> [INFORMATION SHOWN]:
****

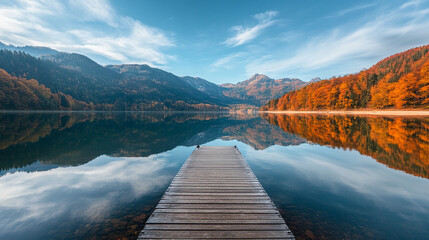 An isolated wooden dock stretches into a calm, reflective lake, surrounded by serene waters. The scene symbolizes solitude, reflection, and peaceful connection between nature and quiet contemplation.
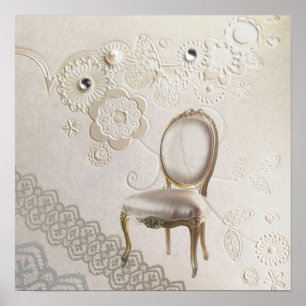 Poster cadeiras romanas de candelabro rococo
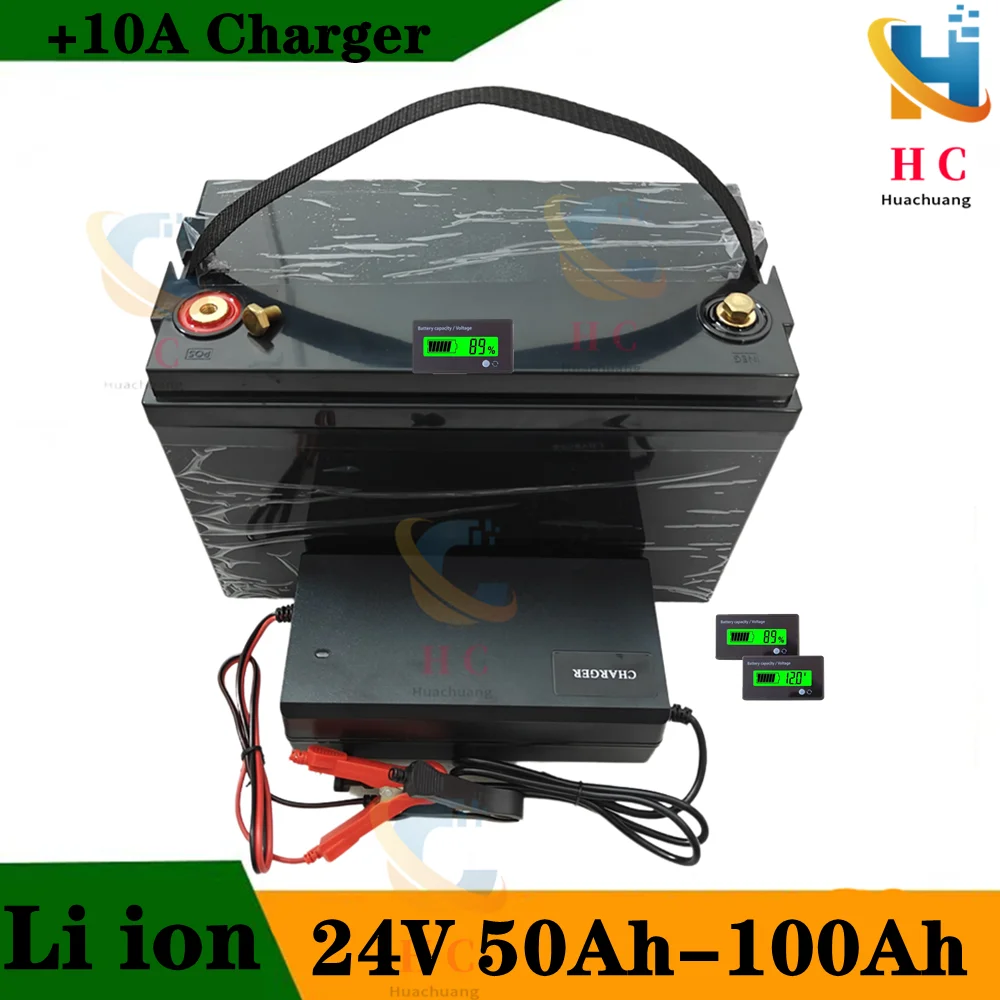 24V 100AH 50Ah 60Ah 80Ah 120Ah Lithium ion Battery li ion with BMS 7S for Golf Cart Forklift fork carava Camper +10A Charger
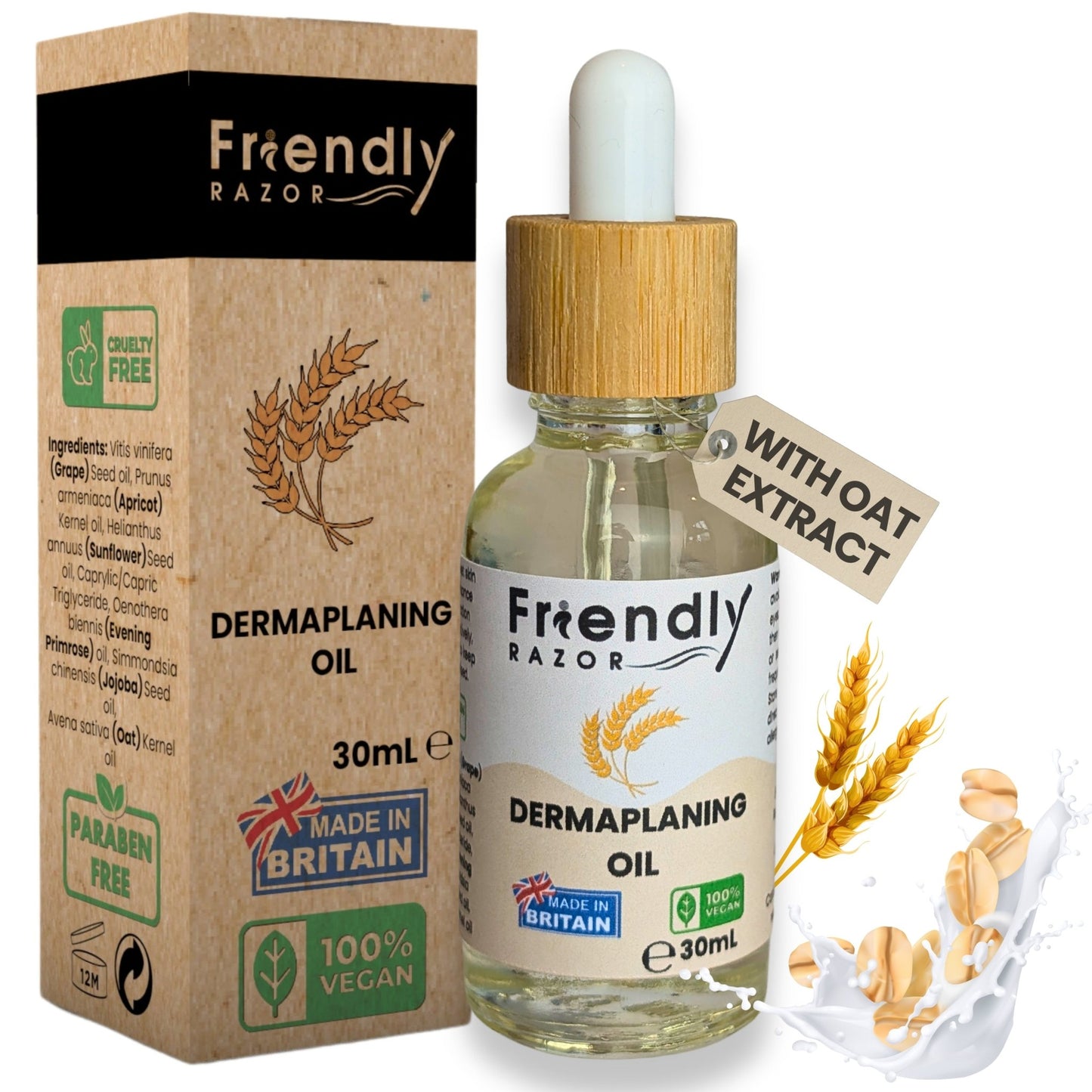 Dermaplaning Oil - With Oatmeal, Primrose, Apricot Kernel, Jojoba and Grapeseed Extracts - Purple Mallet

****

> [WORK ORDER]:
Beginning with the line in which "24V 100AH 50Ah" appears, repeat exactly each line down to the close of the material, leaving every picture out.

> [TASK RESPONSE]:
 24V 100AH 50Ah 60Ah 80Ah 120Ah Lithium ion Battery li ion with BMS 7S for Golf Cart Forklift fork carava Camper +10A Charger
 Dermaplaning Oil - With Oatmeal, Primrose, Apricot Kernel, Jojoba and Grapeseed Extracts - Purple Mallet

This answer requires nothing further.